» **Supplied data**
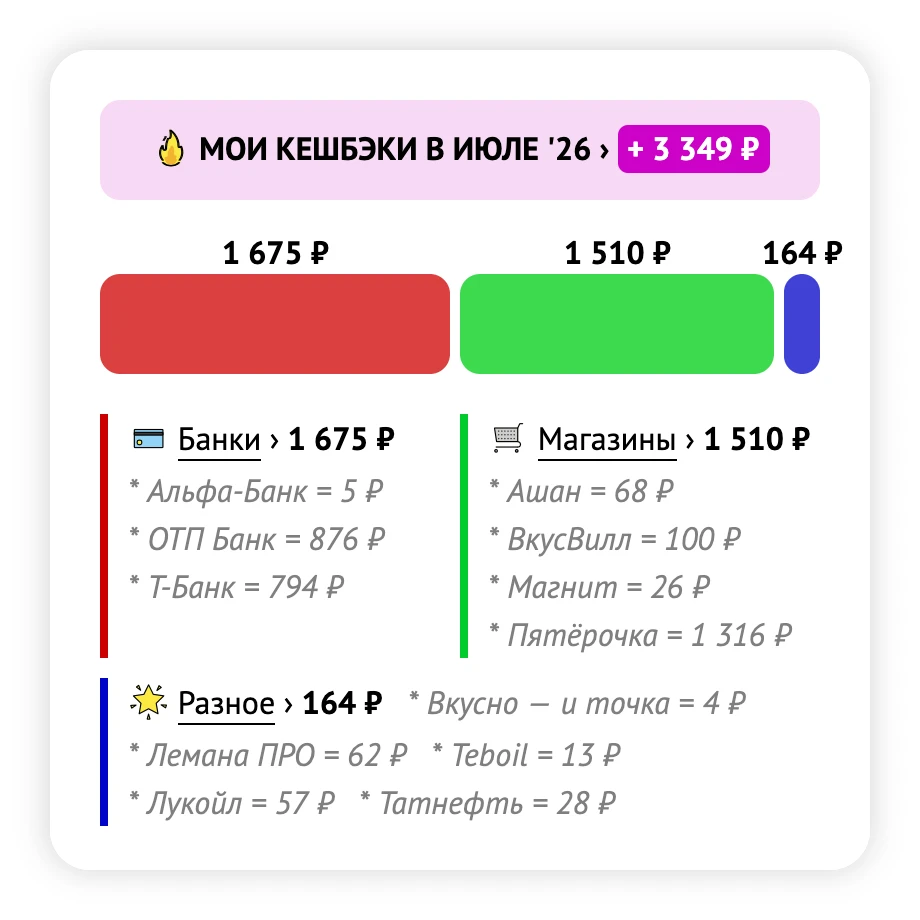 Изображение из поста - изображение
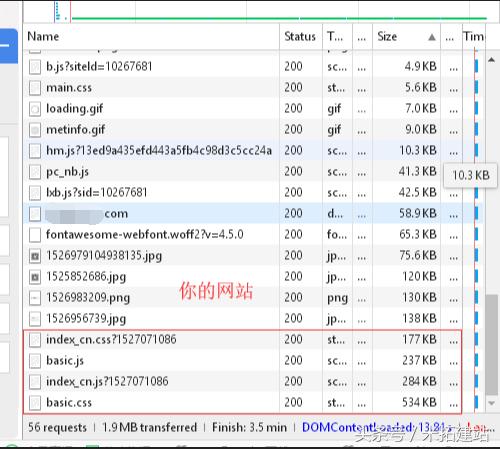 建站经验：如何检测提升网站访问速度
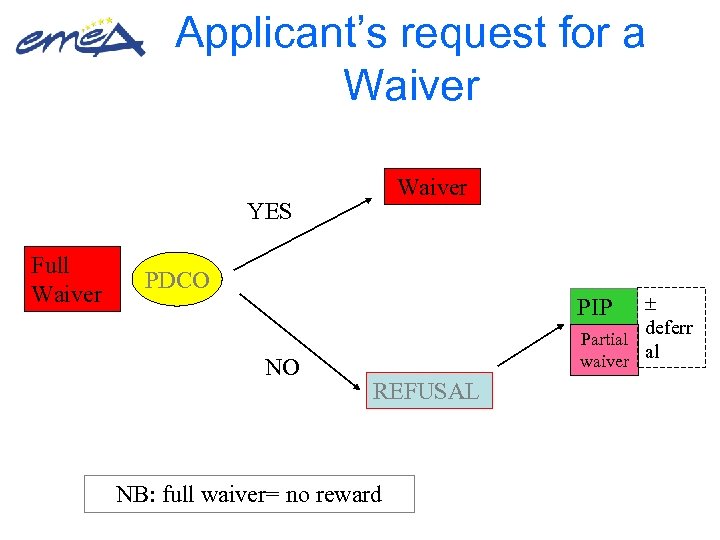 Applicant’s request for a Waiver YES Full Waiver PDCO deferr Partial al waiver PIP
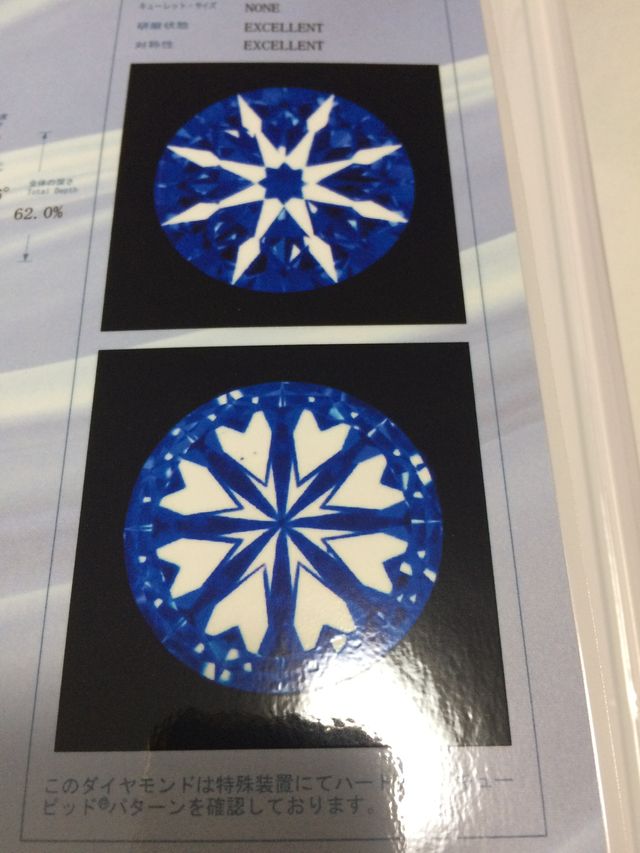 ハートアンドキューピッドパターン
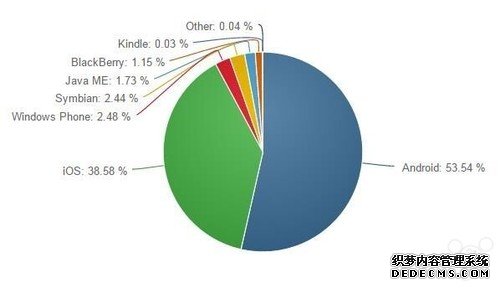 Firefox OS正式停止开发 丛林法则优胜劣汰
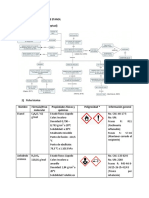 Preinforme Destilación de Etanol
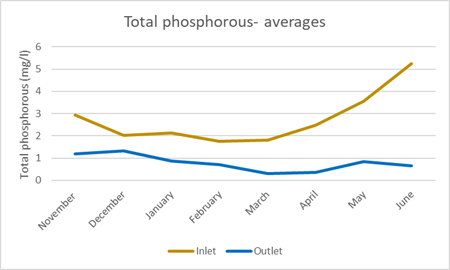 Graph showing total phosphorus averages for inlet and outlet at Luston wetland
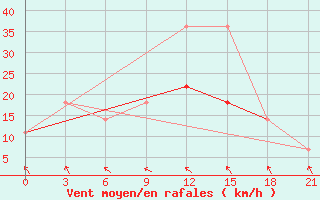 Courbe de la force du vent pour Verhnjaja Tojma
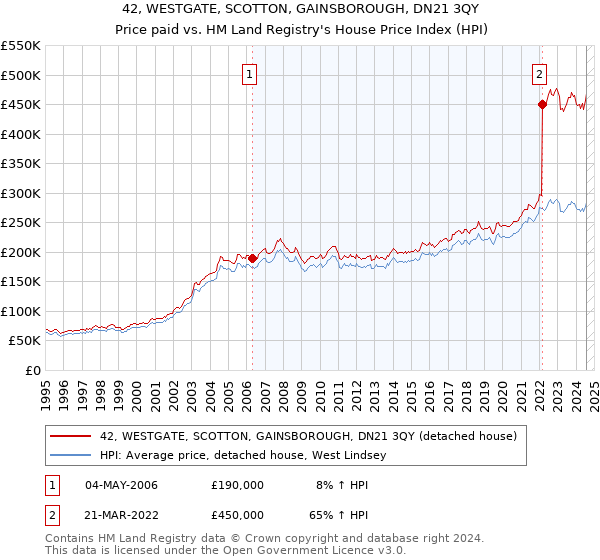 42, WESTGATE, SCOTTON, GAINSBOROUGH, DN21 3QY: Price paid vs HM Land Registry's House Price Index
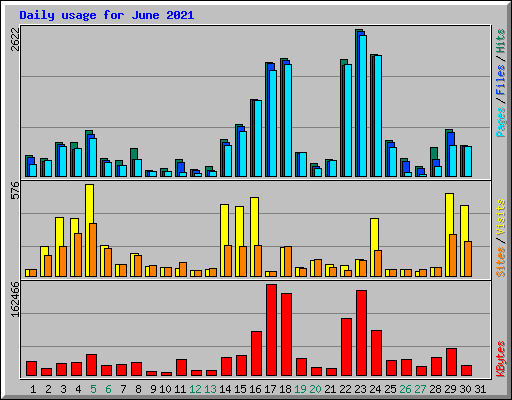 Daily usage for June 2021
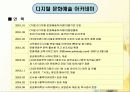 원격교육 활용 -평생교육에서의 원격교육 활용 (학교,기업외) 10페이지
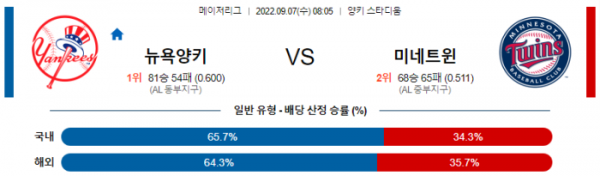 미네트윈.png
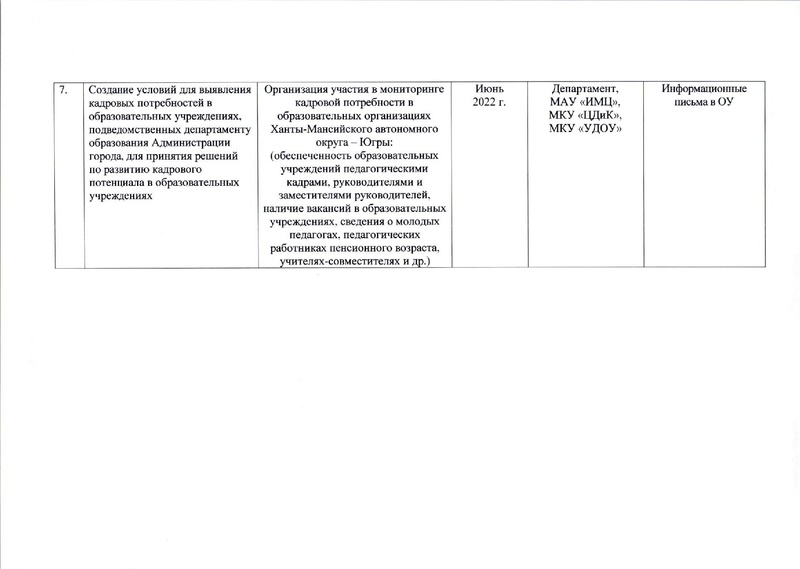 Файл:Комлекс мер по повыш уровня проф педагога.pdf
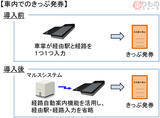 「在来線特急の指定席は車内改札省略　JR東海、新型の車掌携帯端末を導入」の画像1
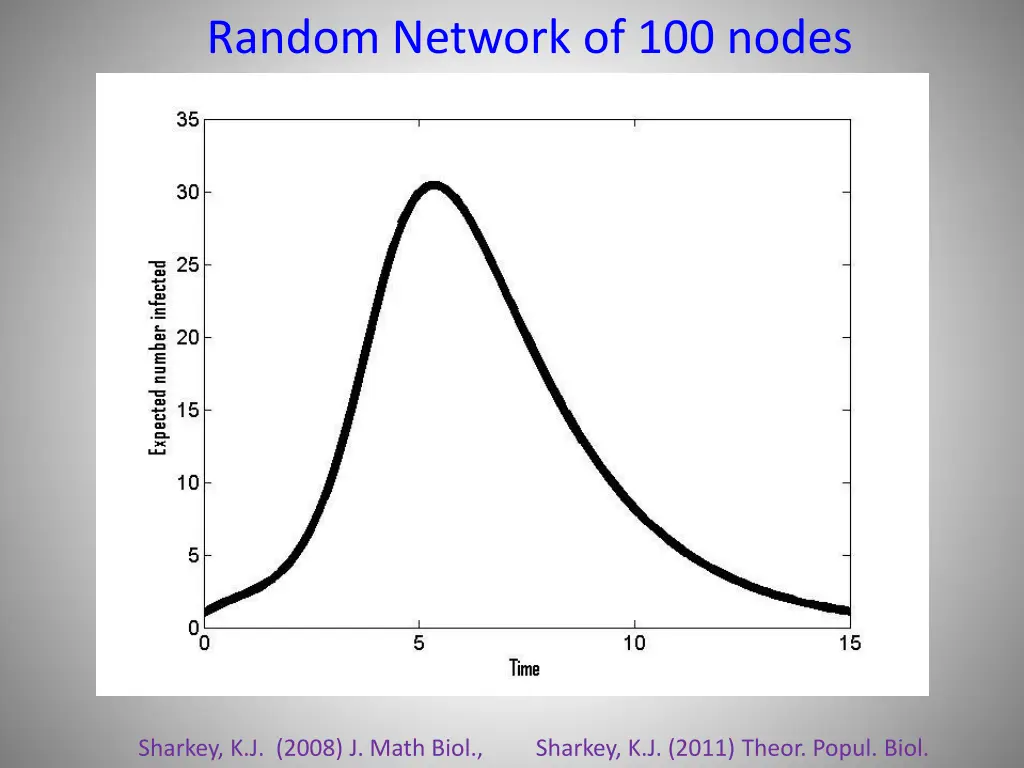 random network of 100 nodes 1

» **Assignment**
From the first line to the last, reproduce the listing above exactly, leaving the pictures out.

» **Written reply**
 Изображение из поста - изображение
 建站经验：如何检测提升网站访问速度
 Applicant’s request for a Waiver YES Full Waiver PDCO deferr Partial al waiver PIP
 ハートアンドキューピッドパターン
 Firefox OS正式停止开发 丛林法则优胜劣汰
 Preinforme Destilación de Etanol
 Graph showing total phosphorus averages for inlet and outlet at Luston wetland
 Courbe de la force du vent pour Verhnjaja Tojma
 42, WESTGATE, SCOTTON, GAINSBOROUGH, DN21 3QY: Price paid vs HM Land Registry's House Price Index
 Daily usage for June 2021
 원격교육 활용 -평생교육에서의 원격교육 활용 (학교,기업외) 10페이지
 미네트윈.png
 Файл:Комлекс мер по повыш уровня проф педагога.pdf
 「在来線特急の指定席は車内改札省略　JR東海、新型の車掌携帯端末を導入」の画像1
 random network of 100 nodes 1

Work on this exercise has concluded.